Recently, a friend of mine at ARM has been kicking around the idea that syscalls are inefficient and that a more than reasonable speedup could be achieved across the board in *nix operating systems by providing a mechanism for reducing the overhead of syscalls.

This friend of mine is a bit of a joker, but the story he tells to motivate his idea is a good one.

Say I have a yard full of logs, and I want them chopped. So I walk out, find a guy with an axe, tell him that I have somew work for him and we come to an agreement on the price. So he goes out back, chops a log, I pay him, and just as he’s about to step off the curb and walk away I grab him, and mention that I have another log for him to chop on the same terms. When he finally gets home to his wife, who asks him how his day went, the log chopper goes “I worked for this crazy guy who had a yard full of wood to chop but told me what to do one log at a time”.

Unfortunately, this does indeed represent the state of syscalls in most unix based operating systems. There isn’t a command for saying “stat everything in this directory” for instance, although this is precisely the implementation of the ls command. Instead, you stat the target directory, yielding an array of files, which you then sequentially stat to get individual file properties. This is all well and good, until you realize that in doing this you’ve incurred O(N) system call context switches. It has to be O(N) on the number of files, because that’s what ls does, but the system call context switches are pure overhead.

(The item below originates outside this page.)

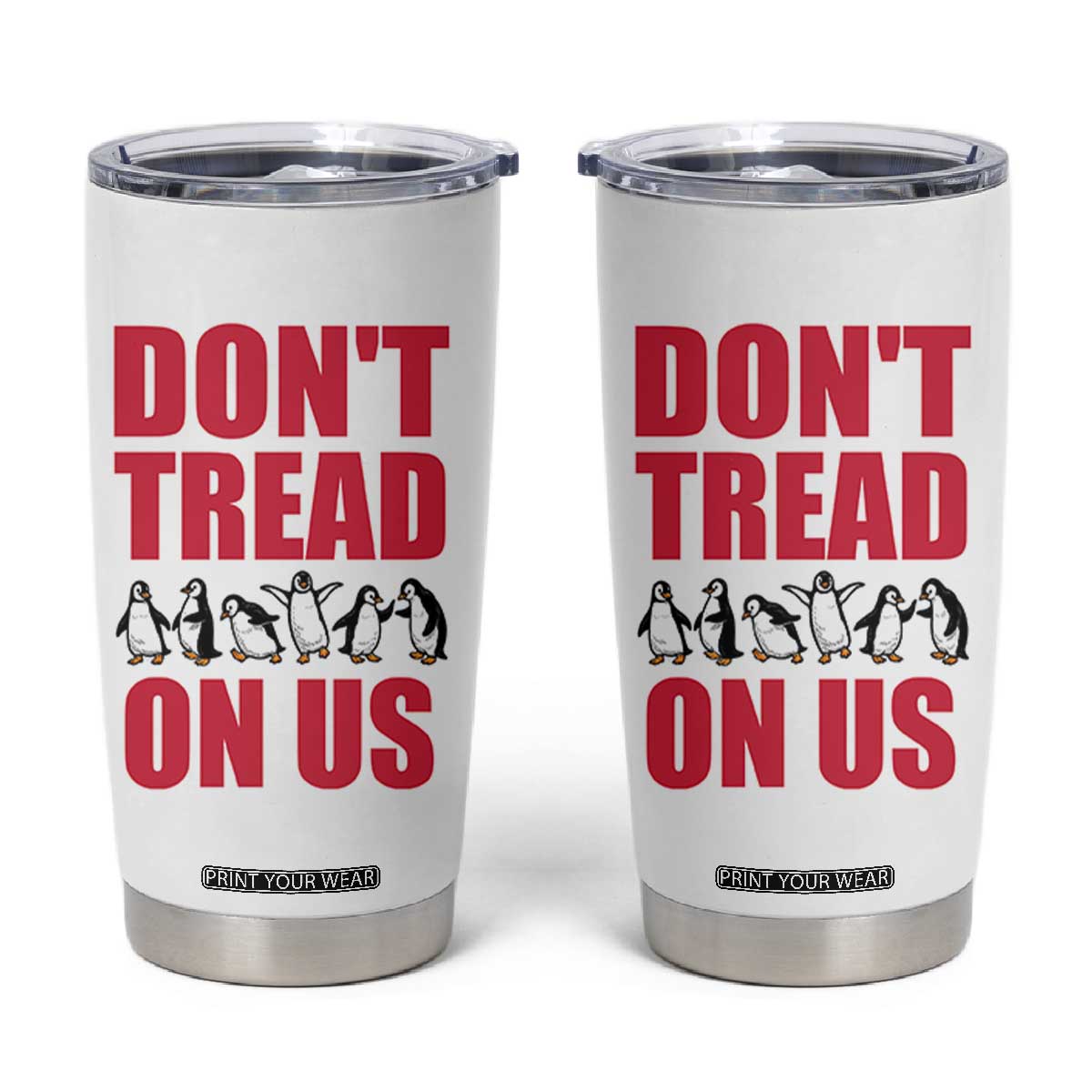 Funny Penguins Resist Protest Tumbler Cup Don't Tread On Us TS14 White Print Your Wear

My response to this idea was simply that what you really want to do is treat the system calls of the OS as its own virtual machine. A system call as currently envisioned is simply a single op against this standardized interface, with the system interrupt/context switch overhead implicit in executing that single op. Consequently, what we really want to do is not make a context switch into the OS with a single op in mind, instead we want a bytecode VM, Turing complete or otherwise, that represents the syscall interface as an interpreter or a JIT. Making a syscall consequently becomes an exercise in generating a bytecode program representing all the work you can do in one go in the context of system call privilage. So take the ls example. Rather than making N+1 stat calls, instead our “fast ls” could simply generate a bytecode program that would do all N+1 syscall ops in a single go by representing the function

(fn [d :- Dir]
  (->> (list d)
       (map stat)))

This gets really fun when you start thinking about what this means in the context of an operating system where the bytecode machine exposed by the OS for syscalls is the same as the bytecode machine exposed for general programming. Suddenly, you get the OS as almost an exokernel that you can call out to with lambda functions just as if it were nonprivilaged code. Given a JIT this really gets fun because as a program must start running at the highest privilage level it will ever require, it must be safe to hoist the entire program to that level. Consequently a JIT could actually inline out the syscall privilage check, performing it once at program start and then simply running the entire program with OS privilages in OS context. Clearly this works better for a managed language VM than for a hardware language VM with pointer crafting :P.

Interestingly, it turns out that this is not a new idea. Apparently some old IBM research machines actually had a full interpreting stack machine baked into the OS kernel to do exactly this, but I haven’t been able to track down public information on such an operating system.